E la risposta qual è? Siamo pronti. Noi siamo pronti ad affrontare tutto questo. Come fosse uno tsunami, come se quelle onde si debbano trasformare inevitabilmente in uno tsunami. Questo atteggiamento è pericolosissimo: ricorda gli anni che precedettero la prima guerra mondiale, e anche la deriva altrettanto bellicista degli anni Trenta.
Ora, però, il mondo è cambiato anche in un altro senso. La decolonizzazione del XX secolo ha messo in gioco altri protagonisti, un panorama più frastagliato come frastagliato è l’altro panorama, nascosto. Noi. Il “noi” che non è più (solo) massa di manovra. Vittima, certo. Silenziosa, spesso. Invisibile, quasi sempre. Reale ma non visibile.

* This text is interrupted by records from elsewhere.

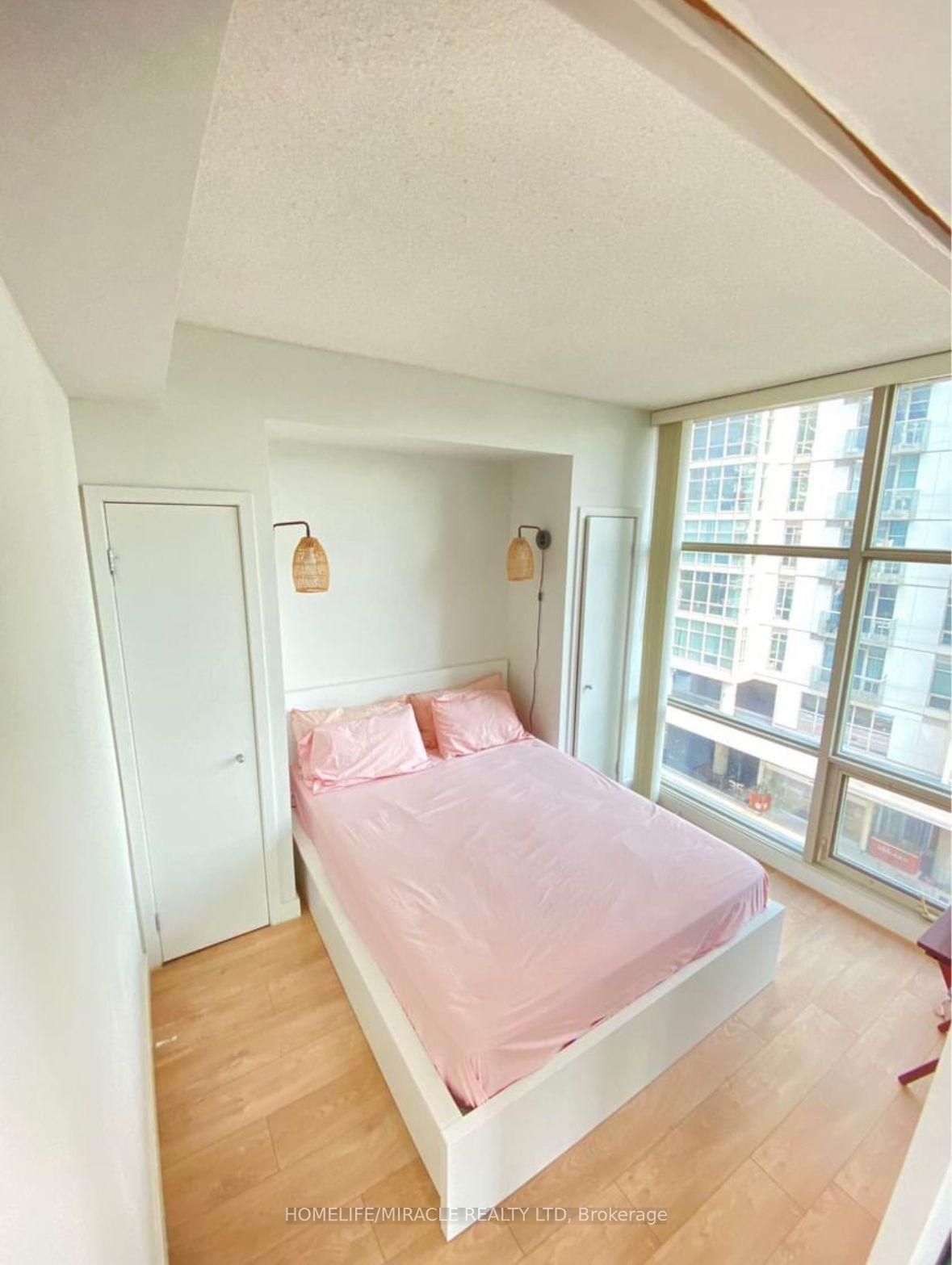 9 Spadina Ave, unit 505 for rent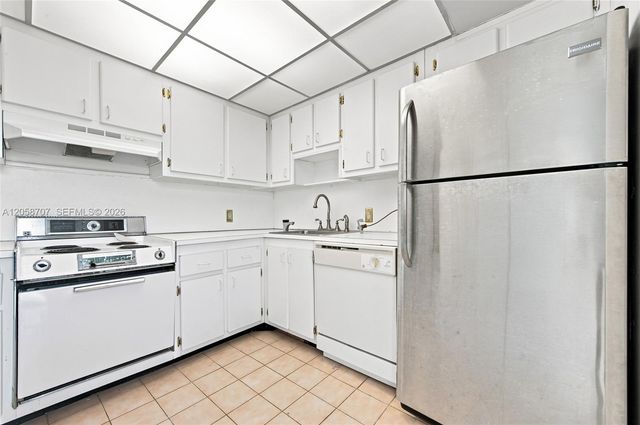 3401 N Country Club Dr 804, Aventura, FL 33180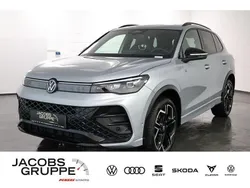 Silber Gebraucht 2024 VW Tiguan R-line SUV | 46.940 €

Il “noi” può fare la differenza, a livello globale? Perché no? Ora gli strumenti ci sono, e non c’erano prima. Sono l’alfabetizzazione allargata, la competenza diffusa sull’uso di strumenti sofisticati (la tecnologia, per esempio), la coscienza altrettanto diffusa di essere depositari/e di diritti e libertà. Non è ingenua rappresentazione del mondo versione XXI secolo. E’ così, se solo si va girando per il mondo, fuori dall’Europa. E’ così, perché se così non fosse – se si fosse a una situazione del tutto simile a un secolo fa – non ci sarebbe bisogno di (ri)costruire la retorica della guerra inevitabile. Non ci sarebbe la necessità di convincere una generazione, più generazioni che dovranno far la guerra ed essere di nuovo carne da macello. I nuovi ragazzi del ’99.
Siamo proprio sicuri che questa generazione, queste generazioni piegheranno la loro testa e accetteranno la leva obbligatoria? Siamo sicuri che non si opporranno? Non lo so, ma qualcosa mi dice che la retorica della guerra stia trattando queste generazioni come delle pedine da usare e muovere sul campo da gioco, senza vedere quanto siano ora differenti rispetto ai veri, storici “ragazzi del ’99”, quelli che pagarono il prezzo più alto sull’altare della strage della prima guerra mondiale. L’inutile strage.